You also have the problem of cascading failures. Just because there
are redundant paths and alternate peering locations does not mean
those facilites have the bandwidth to handle all the redirected
traffic. If A gets swamped you go to B if the redrected traffic is to
much for B then you go to C and so on - each time the amount of
traffic increases and the avialble bandwidth decreases. According to
the analysis I've seen and run on the the Baltimore incident this is
the jest of how a few cut lines rippled across the Internet. I would
think Alex's scenario would have a bigger impact than that incident.


For some reason, I guess since Baltimore is near Washington DC, this
incident seems to have captured the imagination of folks in Washington DC.
Although some brand-name providers were impacted by this incident, it had
minimal impact on other providers. Essentially every major Internet
exchange point has failed at one time or another. In the past, there has
been simultaneous failures in at least three different locations.

The problem with your analysis is that's not what happens on the Internet.

One of the current issues of Internet traffic engineering is traffic
doesn't roll over to alternate paths B or C when the primary path A
is congested. This is a traditional design in the switched telephone
network, but not common in the Internet. Internet traffic tends to
follow the "best" available route.

Unlike phone calls, TCP traffic doesn't occur in fixed bandwidth
increments. TCP traffic, 90% of Internet traffic, is elastic. By design,
TCP adjusts the traffic rate to keep the bottleneck congested. As the
bottleneck moves, traffic reacts by increasing or decreasing the rate to
match the available capacity. This feedback occurs independently of what
is happening on nearby traffic paths. Even if there is available
capacity on elsewhere, the current Internet design is not very good at
using it. Some people view this as an inefficient use of available
capacity, other people view it as a self-protective mechanism.

In today's Internet, the type of cascading failure you postulated probably
won't happen. The design goal of the Internet is not to keep every part
of the network operating under every condition, but failures in part of
the network should not disrupt other parts of the network.

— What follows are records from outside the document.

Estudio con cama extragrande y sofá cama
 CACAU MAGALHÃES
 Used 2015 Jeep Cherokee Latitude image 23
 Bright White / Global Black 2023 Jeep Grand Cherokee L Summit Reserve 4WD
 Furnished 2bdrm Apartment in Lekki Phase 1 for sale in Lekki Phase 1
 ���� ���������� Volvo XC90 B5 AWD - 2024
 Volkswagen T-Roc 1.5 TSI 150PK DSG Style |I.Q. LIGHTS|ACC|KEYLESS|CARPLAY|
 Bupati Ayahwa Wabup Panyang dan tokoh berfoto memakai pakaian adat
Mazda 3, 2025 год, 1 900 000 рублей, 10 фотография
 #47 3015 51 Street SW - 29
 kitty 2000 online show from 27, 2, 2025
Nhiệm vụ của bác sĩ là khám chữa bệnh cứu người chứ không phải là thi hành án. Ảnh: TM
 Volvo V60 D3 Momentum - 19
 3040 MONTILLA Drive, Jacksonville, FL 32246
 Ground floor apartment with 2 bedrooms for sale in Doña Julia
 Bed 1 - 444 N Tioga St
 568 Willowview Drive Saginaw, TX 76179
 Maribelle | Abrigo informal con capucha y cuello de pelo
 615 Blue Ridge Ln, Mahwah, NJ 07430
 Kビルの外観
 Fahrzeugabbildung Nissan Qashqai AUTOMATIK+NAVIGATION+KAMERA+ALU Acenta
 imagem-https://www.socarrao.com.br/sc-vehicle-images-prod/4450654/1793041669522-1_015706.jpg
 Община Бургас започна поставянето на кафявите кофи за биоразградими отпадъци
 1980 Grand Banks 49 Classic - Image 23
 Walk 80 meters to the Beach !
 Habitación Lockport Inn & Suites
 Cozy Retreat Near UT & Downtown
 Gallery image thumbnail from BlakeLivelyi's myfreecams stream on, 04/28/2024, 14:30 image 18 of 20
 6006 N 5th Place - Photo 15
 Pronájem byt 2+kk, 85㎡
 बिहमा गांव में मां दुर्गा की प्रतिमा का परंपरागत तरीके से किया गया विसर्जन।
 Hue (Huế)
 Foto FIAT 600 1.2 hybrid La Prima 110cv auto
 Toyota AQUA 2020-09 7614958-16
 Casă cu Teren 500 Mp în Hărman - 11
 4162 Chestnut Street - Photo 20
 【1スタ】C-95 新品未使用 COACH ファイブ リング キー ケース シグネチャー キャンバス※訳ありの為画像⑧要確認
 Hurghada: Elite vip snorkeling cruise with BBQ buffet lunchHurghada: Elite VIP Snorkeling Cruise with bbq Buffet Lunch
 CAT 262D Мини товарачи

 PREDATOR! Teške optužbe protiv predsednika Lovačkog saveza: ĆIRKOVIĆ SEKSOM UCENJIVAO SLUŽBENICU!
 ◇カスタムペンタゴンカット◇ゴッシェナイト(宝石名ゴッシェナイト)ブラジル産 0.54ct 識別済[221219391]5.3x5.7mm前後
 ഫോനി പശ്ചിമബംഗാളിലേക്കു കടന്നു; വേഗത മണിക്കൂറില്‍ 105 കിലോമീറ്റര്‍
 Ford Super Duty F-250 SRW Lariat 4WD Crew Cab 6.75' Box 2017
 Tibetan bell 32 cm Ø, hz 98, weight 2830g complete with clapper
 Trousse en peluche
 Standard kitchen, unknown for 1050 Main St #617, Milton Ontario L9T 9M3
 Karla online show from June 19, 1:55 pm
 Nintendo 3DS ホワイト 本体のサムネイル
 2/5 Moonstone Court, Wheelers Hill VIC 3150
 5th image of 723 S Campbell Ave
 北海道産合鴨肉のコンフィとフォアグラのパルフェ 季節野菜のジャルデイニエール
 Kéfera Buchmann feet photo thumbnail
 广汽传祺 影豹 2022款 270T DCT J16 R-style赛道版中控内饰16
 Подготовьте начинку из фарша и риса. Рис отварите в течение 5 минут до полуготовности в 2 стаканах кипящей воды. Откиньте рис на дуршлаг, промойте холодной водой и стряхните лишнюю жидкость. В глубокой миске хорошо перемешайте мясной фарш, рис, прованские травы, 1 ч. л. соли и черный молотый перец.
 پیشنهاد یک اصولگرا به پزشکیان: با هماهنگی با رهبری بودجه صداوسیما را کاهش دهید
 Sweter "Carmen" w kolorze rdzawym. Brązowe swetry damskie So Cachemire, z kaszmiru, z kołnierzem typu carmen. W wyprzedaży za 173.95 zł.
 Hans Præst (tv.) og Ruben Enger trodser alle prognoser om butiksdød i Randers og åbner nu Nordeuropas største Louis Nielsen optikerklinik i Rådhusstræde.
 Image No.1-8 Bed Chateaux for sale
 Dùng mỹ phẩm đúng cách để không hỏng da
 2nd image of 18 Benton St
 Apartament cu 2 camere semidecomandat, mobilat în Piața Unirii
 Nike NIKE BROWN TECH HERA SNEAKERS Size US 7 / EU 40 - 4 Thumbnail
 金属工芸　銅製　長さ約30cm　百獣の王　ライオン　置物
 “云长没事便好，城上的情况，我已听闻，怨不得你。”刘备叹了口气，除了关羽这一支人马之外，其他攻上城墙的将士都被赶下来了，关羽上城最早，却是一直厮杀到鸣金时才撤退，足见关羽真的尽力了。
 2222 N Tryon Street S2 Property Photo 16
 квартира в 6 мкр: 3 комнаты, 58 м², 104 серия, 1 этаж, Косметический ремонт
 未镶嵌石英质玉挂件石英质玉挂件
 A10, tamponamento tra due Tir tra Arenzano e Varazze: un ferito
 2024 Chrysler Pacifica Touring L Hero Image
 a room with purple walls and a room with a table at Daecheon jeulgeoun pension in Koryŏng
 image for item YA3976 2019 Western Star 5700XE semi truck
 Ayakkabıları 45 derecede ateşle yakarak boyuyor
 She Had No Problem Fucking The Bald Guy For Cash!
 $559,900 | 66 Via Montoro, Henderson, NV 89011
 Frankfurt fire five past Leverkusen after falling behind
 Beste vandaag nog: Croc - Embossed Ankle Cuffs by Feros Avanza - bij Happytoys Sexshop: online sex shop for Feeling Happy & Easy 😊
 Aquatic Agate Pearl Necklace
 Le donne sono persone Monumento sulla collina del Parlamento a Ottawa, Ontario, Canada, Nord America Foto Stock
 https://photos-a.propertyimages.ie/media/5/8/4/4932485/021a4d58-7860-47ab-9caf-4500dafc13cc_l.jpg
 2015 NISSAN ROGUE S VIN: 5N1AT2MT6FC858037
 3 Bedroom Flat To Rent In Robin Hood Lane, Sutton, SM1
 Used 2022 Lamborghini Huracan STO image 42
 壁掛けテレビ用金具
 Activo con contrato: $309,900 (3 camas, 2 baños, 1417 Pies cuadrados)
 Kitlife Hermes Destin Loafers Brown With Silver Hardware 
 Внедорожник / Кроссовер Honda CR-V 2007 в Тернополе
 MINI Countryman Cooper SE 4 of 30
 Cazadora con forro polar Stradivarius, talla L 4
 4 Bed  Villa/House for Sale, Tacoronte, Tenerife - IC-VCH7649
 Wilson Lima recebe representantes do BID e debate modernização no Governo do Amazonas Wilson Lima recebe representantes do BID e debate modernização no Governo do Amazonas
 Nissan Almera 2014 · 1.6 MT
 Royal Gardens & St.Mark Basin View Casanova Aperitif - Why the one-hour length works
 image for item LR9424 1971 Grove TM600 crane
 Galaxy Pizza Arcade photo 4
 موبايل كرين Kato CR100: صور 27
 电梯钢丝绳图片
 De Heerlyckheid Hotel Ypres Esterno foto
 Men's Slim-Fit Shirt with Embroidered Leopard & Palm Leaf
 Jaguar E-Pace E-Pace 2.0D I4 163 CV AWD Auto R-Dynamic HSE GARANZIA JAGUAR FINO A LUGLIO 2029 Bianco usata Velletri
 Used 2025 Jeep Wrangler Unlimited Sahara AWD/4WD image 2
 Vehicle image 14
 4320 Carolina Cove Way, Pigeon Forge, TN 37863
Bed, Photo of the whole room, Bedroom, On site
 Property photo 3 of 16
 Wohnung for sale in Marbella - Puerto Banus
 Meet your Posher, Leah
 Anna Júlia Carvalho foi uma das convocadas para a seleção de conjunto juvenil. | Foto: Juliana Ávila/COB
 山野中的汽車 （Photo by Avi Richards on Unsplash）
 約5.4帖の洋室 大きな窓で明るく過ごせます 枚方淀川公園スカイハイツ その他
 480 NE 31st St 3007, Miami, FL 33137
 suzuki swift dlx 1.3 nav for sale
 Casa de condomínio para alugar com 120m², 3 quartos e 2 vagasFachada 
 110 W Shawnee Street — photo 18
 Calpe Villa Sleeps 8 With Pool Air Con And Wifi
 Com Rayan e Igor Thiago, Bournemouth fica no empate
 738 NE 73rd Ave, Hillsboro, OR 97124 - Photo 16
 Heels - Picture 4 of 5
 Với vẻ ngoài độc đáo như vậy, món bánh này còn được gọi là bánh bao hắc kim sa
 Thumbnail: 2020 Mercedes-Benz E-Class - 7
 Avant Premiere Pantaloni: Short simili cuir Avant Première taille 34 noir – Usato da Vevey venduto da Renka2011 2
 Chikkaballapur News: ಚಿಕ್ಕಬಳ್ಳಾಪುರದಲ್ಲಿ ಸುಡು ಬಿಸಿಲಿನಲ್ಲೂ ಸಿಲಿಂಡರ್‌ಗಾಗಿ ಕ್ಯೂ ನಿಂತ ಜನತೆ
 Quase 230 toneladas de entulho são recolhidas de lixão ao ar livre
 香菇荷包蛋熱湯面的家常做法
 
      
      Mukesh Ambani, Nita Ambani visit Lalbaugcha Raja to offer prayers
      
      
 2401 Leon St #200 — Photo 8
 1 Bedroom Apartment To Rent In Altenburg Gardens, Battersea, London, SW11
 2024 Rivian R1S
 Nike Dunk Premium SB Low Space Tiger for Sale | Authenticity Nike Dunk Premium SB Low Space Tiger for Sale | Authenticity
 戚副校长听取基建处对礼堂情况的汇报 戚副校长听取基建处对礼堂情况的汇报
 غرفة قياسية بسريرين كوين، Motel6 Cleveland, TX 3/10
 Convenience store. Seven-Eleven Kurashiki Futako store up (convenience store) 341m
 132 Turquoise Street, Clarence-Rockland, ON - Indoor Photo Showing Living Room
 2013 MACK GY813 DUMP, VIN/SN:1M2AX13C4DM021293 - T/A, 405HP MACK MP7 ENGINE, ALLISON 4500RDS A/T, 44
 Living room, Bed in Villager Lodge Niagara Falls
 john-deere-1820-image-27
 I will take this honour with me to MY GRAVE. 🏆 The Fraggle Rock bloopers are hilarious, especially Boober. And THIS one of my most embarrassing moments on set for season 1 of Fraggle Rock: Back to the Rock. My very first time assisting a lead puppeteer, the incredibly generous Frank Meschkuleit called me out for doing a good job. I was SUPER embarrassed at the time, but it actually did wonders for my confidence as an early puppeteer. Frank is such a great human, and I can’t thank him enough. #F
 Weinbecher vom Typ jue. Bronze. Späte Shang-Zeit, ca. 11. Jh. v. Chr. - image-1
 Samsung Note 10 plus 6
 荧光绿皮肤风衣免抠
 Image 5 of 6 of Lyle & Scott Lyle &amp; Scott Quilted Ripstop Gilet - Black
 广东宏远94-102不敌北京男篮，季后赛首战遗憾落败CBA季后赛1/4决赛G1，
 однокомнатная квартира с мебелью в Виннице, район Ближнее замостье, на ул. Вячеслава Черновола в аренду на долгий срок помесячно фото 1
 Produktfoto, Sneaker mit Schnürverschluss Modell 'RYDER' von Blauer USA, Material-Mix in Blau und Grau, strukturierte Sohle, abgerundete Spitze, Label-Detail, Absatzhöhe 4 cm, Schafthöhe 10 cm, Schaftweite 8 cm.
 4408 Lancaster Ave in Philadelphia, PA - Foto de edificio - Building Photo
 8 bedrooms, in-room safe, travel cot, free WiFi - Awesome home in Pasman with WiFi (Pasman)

That's why during the Baltimore train tunnel you saw some providers with
severe problems in parts of their network, but other providers didn't
experience any slowdowns in their networks. I wouldn't be surprised if
a few people even experienced an improvement in their traffic that day.

There are vendors trying to sell systems which will "steer" traffic
through alternate paths seeking to avoid congestion. In addition there
are things like IEPREP which are seeking to bypass the congestion feedback
controls for selected traffic. It is unclear to me what impact these
will have on Internet traffic during a crisis. It is possible these
improvements will in fact make the Internet more brittle.